Panitia penyusun Perma tersebut adalah Mahkamah Agung, Komisi Pemberantasan Korupsi, Kepolisian, dan Kejaksaan Agung.Wakil Ketua KPK Laode Muhammad Syarief menjadi ketua panitia tersebut.
Landasan hukum penggunaan korupsi korporasi sebenarnya sudah ada dalam Pasal 20 UU No. 31 Tahun 1999 Tentang Pemberantasan Tindak Pidana Korupsi. Ayat (1) pasal tersebut menjelaskan bahwa, dalam hal tindak pidana korupsi dilakukan oleh atau atas nama suatu korporasi, maka tuntutan dan penjatuhan pidana dapat dilakukan terhadap korporasi dan atau pengurusnya.
Sedangkan pada ayat (2) disebutkan bahwa tindak pidana korupsi dilakukan oleh korporasi apabila tindak pidana tersebut dilakukan oleh orang-orang, baik berdasarkan hubungan kerja maupun berdasarkan hubungan lain, bertindak dalam lingkungan korporasi tersebut baik sendiri maupun bersama-sama.
Tetapi bentuk denda dari kejahatan korporasi hanyalah berupa denda (ayat 7). Namun KPK membutuhkan Perma itu untuk hukuman penjara dan denda, sekaligus menghukum korporasi itu dengan cara membayar denda.
Sampai sekarang, KPK belum pernah menjerat korporasi dalam kasus korupsi, meskipun direksi perseroan sudah banyak yang menjadi terpidana sehingga penindakan tidak optimal mengembalikan kerugian negara.
Sejauh ini hanya ada satu kasus korupsi korporasi yang berhasil dibawa ke persidangan, yaitu kasus korupsi PT Giri Jaladhi Wana dalam proyek pembangunan Pasar Sentra Antasari yang disidik Kejaksaan Negeri Banjarmasin. PT Giri dihukum membayar Rp1,3 miliar dan hukuman tambahan penutupan sementara selama enam bulan.
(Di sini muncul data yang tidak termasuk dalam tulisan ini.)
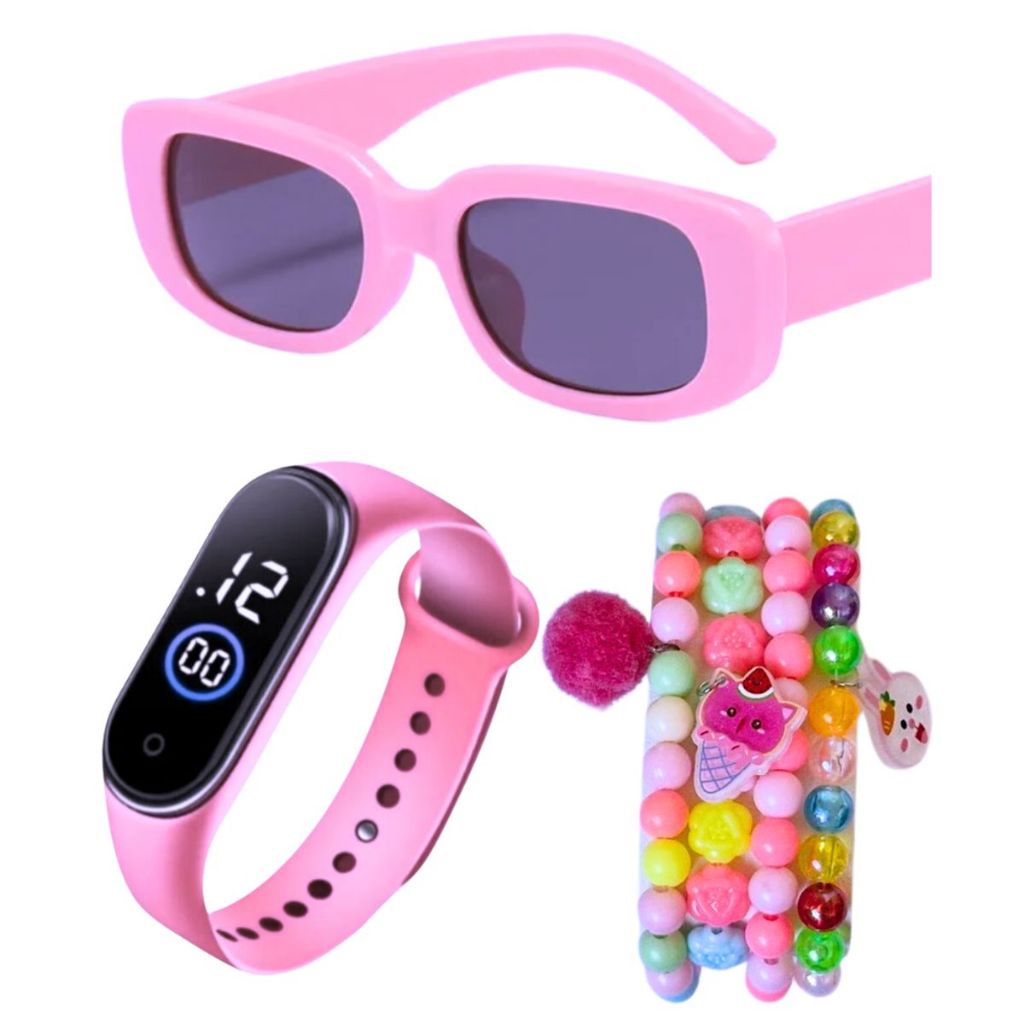 Relógio Infantil Menina De Pulso Digital Led à prova d'água + Óculos De Sol Infantil UV Retro + Ki 4 Pulseiras Miçangas - presente para Meninas em Oferta na Shopee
Pada era pimpinan jilid III, KPK juga pernah mewacanakan menyeret korporasi dalam kerangka korupsi korporasi. Menurut pimpinan KPK jilid III Bambang Widjojanto saat itu, masih ada sejumlah masalah untuk menerapkan pasal tersebut misalnya penerapan hukum acara dan memperhitungkan dampak terhadap karyawan perusahaan tersebut sehingga KPK harus bekerja sama dengan pejabat pengelolaan aset, bila terjadi pengambilalihan aset yang merupakan aset bersama maka nilai aset akan turun.
Menurut Bambang, KPK pernah menangani kasus semi-korporasi yaitu kasus tindak pidana korupsi Presiden Direktur PT Surya Dumai Grup Pung Kian Hua yang mengendalikan perusahaan-perusahaan kehutanan untuk dibangun kebun sawit. Pung Kian Hua divonis 1 tahun 6 bulan penjara dan diminta untuk membayar uang pidana pengganti senilai Rp346 miliar.